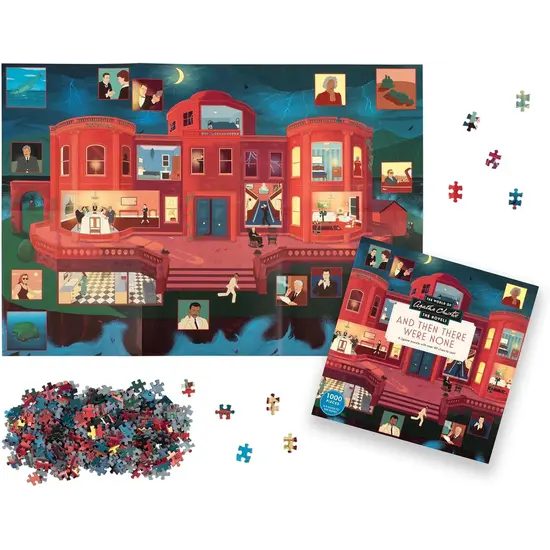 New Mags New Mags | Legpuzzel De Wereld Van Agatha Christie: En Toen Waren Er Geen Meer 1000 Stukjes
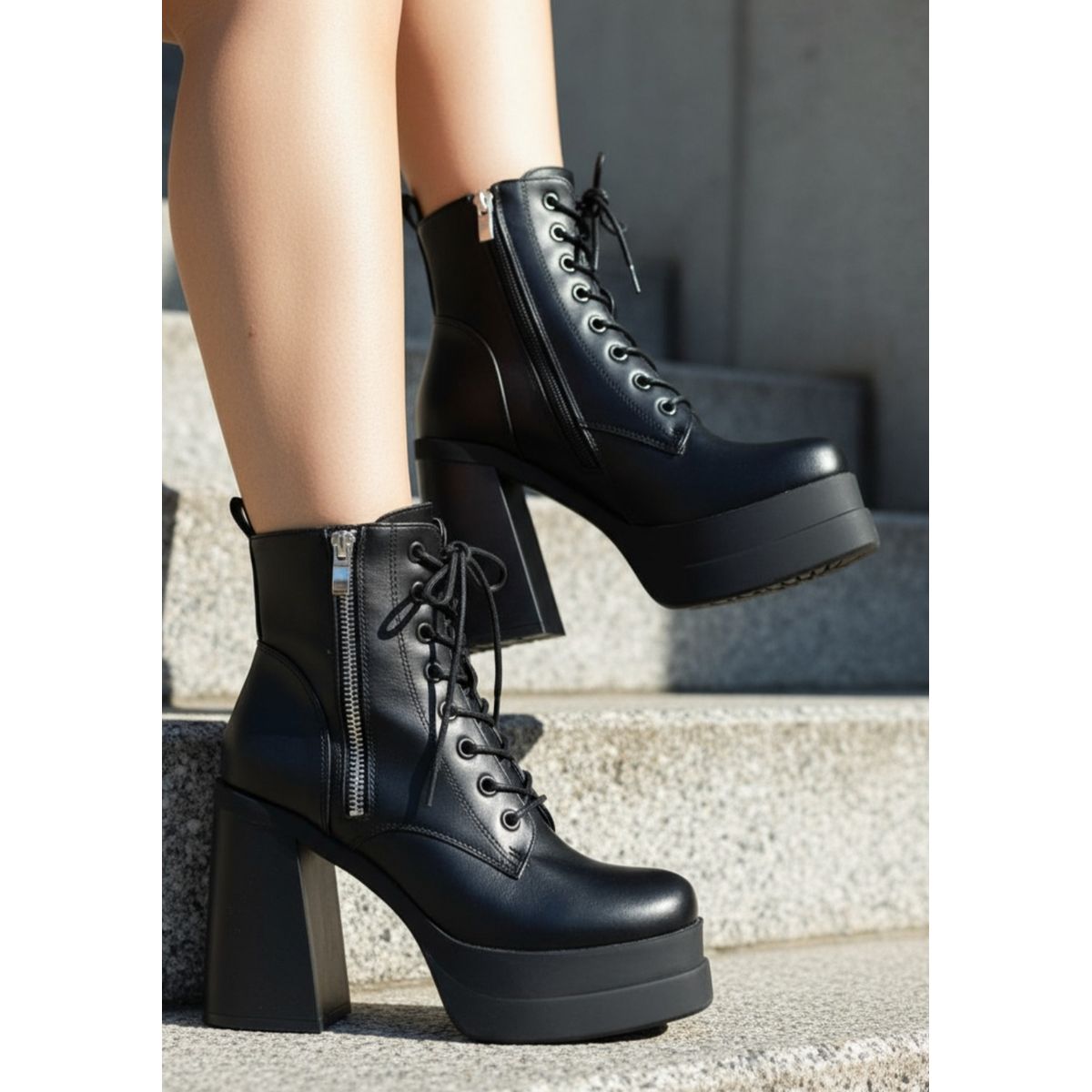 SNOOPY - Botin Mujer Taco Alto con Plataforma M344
==
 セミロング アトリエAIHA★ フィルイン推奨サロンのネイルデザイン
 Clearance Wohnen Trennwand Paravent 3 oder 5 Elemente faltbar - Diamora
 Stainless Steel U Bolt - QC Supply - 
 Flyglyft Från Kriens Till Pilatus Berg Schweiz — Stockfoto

▸ **DIRECTIONS**:
Give back exactly the lines above, from the line containing "Stainless Steel U" through the line containing "Flyglyft Från Kriens", with both end lines and nothing more.

▸ **OUTPUT BELOW**:
 Stainless Steel U Bolt - QC Supply - 
 Flyglyft Från Kriens Till Pilatus Berg Schweiz — Stockfoto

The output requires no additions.